Slopsquatting is a supply chain attack that exploits AI coding tools’ tendency to hallucinate package names. Research across 576,000 code samples from 16 LLMs found nearly 20% of AI-generated code references packages that do not exist. Forty-three percent of those hallucinated names reappear every time the same prompt runs. Attackers register these names on npm, PyPI, or other registries with malicious payloads and wait for developers running AI-generated install commands to pick them up. DevOps teams should add lockfile-lint and Snyk SCA to their CI pipelines to verify package provenance before dependencies reach production.

How do I scan AI-generated code for leaked secrets before it reaches production?

Install GitGuardian’s ggshield as a pre-commit hook so secrets are intercepted before they enter repository history. In CI, add a full repository scan using ggshield-action. GitGuardian’s 2026 report found AI-assisted commits leak secrets at 3.2% compared to a 1.5% baseline, and 59% of compromised machines were CI/CD runners - making pipeline-level scanning essential, not optional.

What is the SHIELD framework for vibe coding security?

SHIELD is a governance framework published by Palo Alto Networks Unit 42 on January 8, 2026, designed specifically for securing AI coding tools. It stands for: Separation of Duties (restrict AI agents to dev/test environments), Human in the Loop (mandate human PR review), Input/Output Validation (SAST before merge), Enforce Security-Focused Helper Models (specialized security AI agents), Least Agency (minimum permissions for AI tools), and Defensive Technical Controls (SCA and execution controls before consuming dependencies).

Should I ban AI coding tools to reduce security risk?

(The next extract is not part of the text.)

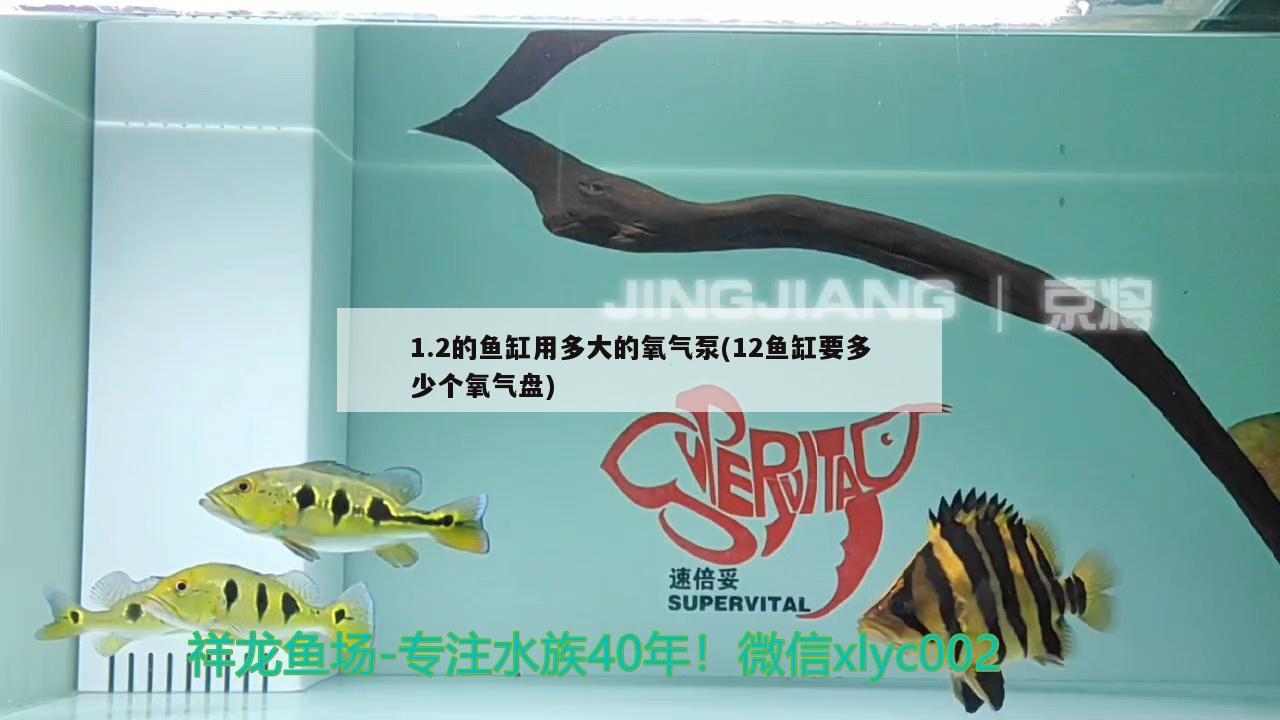 1.2的魚缸用多大的氧氣泵(12魚缸要多少個氧氣盤) 魚缸等水族設備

Banning is unlikely to be effective. JetBrains data shows 85% of developers already use AI coding tools, and adoption continues to grow. The more practical approach is implementing the security gates that AI-assisted development requires: pre-commit secrets scanning, CI-level SAST and dependency auditing, mandatory human review for AI-generated PRs, and Kubernetes admission policies that enforce the security-review requirement. The SHIELD framework provides a structured model for deploying these controls without stopping AI adoption.